Ulatowski, który na pierwszej odprawie powiedział czego oczekuje od zawodników i na co stawia nie przewiduje żadnych sparingów do meczu z Legią. - Ja jestem szczęśliwy, że wróciłem do pracy, którą kocham. Szczęście moje polega też na tym, że jestem w Lechii Gdańsk, gdzie na pewno jest duży potencjał jeśli chodzi o wszystko.
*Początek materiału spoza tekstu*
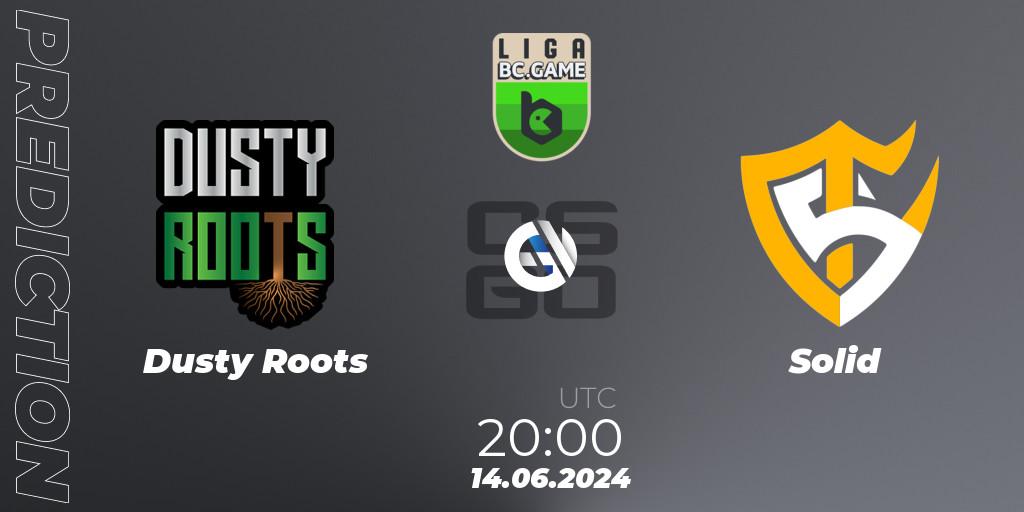 Dusty Roots - Solid: прогноз. 14.06.2024 at 20:00, Counter-Strike (CS2), Dust2 Brasil Liga Season 3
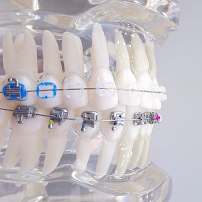 Dentista Aristênio / Ortodontista / Pelotas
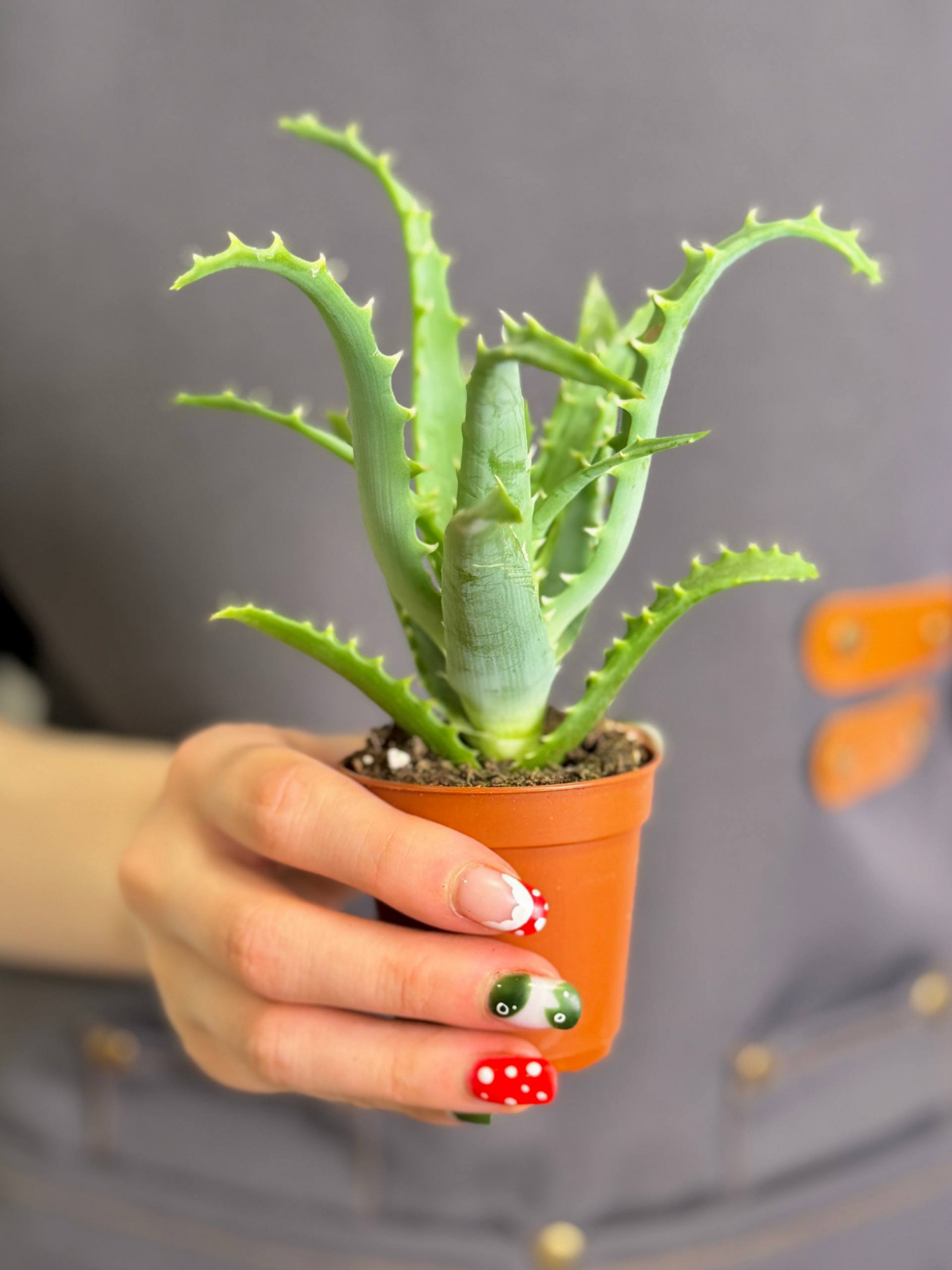 Алоэ Арборесценс, или Древовидное (Aloe Arborescens) D5см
Włącznie z piłkarzami, którzy tu są. Ja potrzebuję tylko trochę czasu, żeby do nich dotrzeć i zmienić mentalność w grze ofensywnej - powiedział nowy trener Lechii, który liczy na zmianę w systemie gry klubu. - Każdy wie już jak Lechia gra i jeśli szczególny nacisk zostanie położony na krycie najistotniejszych zawodników, to nie stwarzamy sobie sytuacji do zdobycia bramki. Przyjście nowego trenera musi wyzwolić coś pozytywnego w zespole i myślę, że czeka mnie ciekawe zadanie - stwierdził trener.
Najbliższy mecz, z Legią Warszawa odbędzie się 19 listopada. Dzięki temu, trener będzie mógł lepiej poznać swoich zawodników. - Z mojego punktu widzenia bardzo dobrze, że jest później, bo mam więcej czasu, żeby poznać chłopaków, dotrzeć do nich i popracować na treningach. Martwiłbym się, jeśli mecz byłby w najbliższy weekend - powiedział Rafał Ulatowski, który z zawodników obecnego składu, współpracował wcześniej z Kamilem Poźniakiem. - Nic się nie zmienił. To ten sam Pozi, który ma bardzo wysokie umiejętności piłkarskie, ale nie ma to odpowiedniego przełożenia na grę całego zespołu. Ale to jest klasyczny przykład dla całego zespołu. Chciałbym, aby zawodnicy m.in. zrozumieli, że im prostsze środki w ataku, tym skuteczniejsze. To dotyczy nie tylko Kamila - zakończył Ulatowski.